Here's a link to the article itself...


We are control freaks
As 'Click' opens, it's a fine time to look at how the remote has changed the way we behave ---- and think

By Julia Keller
Tribune cultural critic
Published June 22, 2006


Rarely does an Adam Sandler movie spark deep critical thinking.

But on Friday, the new movie "Click" opens in theaters. In it, Adam Sandler plays a man whose remote control can ride herd over not just his TV set, but also over time itself. He can fast-forward, pause, rewind.

To reflect upon how the remote control has changed how we do things, and how we interact with objects and activities, is to be forced to consider "the invisible in the obvious," as cultural historian O.B. Hardison puts it.

The remote control seems so ordinary that its extraordinariness is easy to miss.

In the half-century since it was first hooked to TV sets in American homes, the remote control has become faster, easier, sleeker, more efficient, more sophisticated and applicable to a spiraling number of gadgets: DVD players, ceiling fans, automobiles, draperies, security systems, etc.

Remote controls have gone from luxuries to necessities faster than you can say, "Hey, has anybody seen the clicker?"
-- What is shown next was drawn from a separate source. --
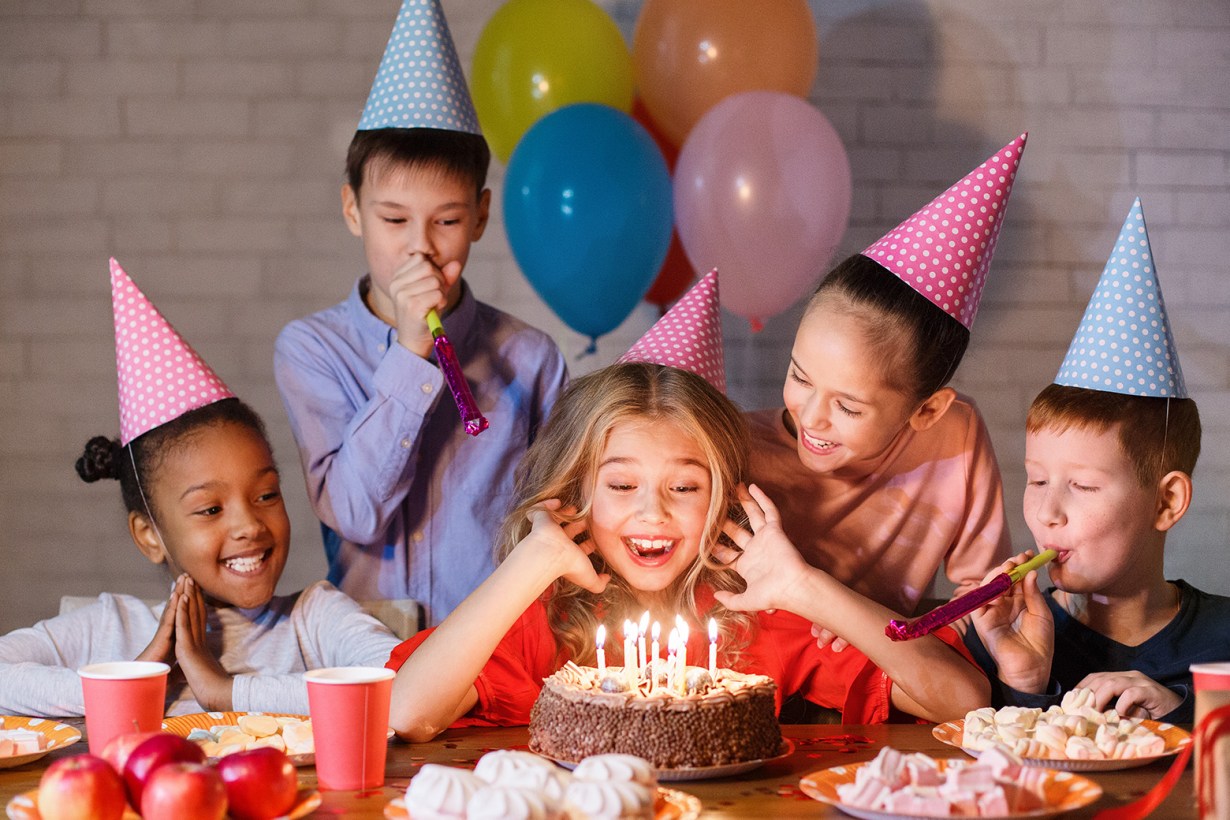 a young girl about to blow the birthday candles while surrounded by friends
And while the physical effects are pretty obvious, there may be a subtler fallout as well. Do our daily lives feel different to us because we're accessing so many technologies with remote control devices?

Certainly the experience of watching TV shows or movies at home has been completely altered by a clicker; we're more restless, more impatient, sifting through channels like a frenzied shopper facing a table of temporary markdowns. We're always aware that there might be something else -- something even more desirable -- on another channel just up the remote-control road, and the buttons under our thumbs make those programs irresistibly accessible.

Beyond TV sets, though, remote controls also are used in concert with more and more household functions and objects. Domestic life in the late 19th and early 20th Centuries was fundamentally transformed by the large-scale adoption of labor-saving devices such as washing machines, central heating, sewing machines and refrigerators, but the remote control, you could argue, has done even more. It has given us the illusion of control over our lives. And that illusion, more than indoor plumbing or self-cleaning ovens, has changed how we think.

"The remote control is like the steering wheel on your car," said Hank Eisengrein, national sales and training manager for Universal Remote Control, the world's third-largest maker of remote controls. "You still need the engine and the tires, but when you're out on the interstate, the one thing you don't want to be without is that steering wheel."

Rush to consolidation

Eisengrein, whose Harrison, N.Y.-based company makes 2 million remote controls a month for companies such as Comcast, Toshiba, Zenith and Motorola, as well as customized remotes for luxury homes with high-end entertainment and security systems, said his business has really stepped up in the past few years. For a long time now, everybody has wanted to control everything with a remote control; but nowadays, Eisengrein said, everybody wants to control everything with a single device.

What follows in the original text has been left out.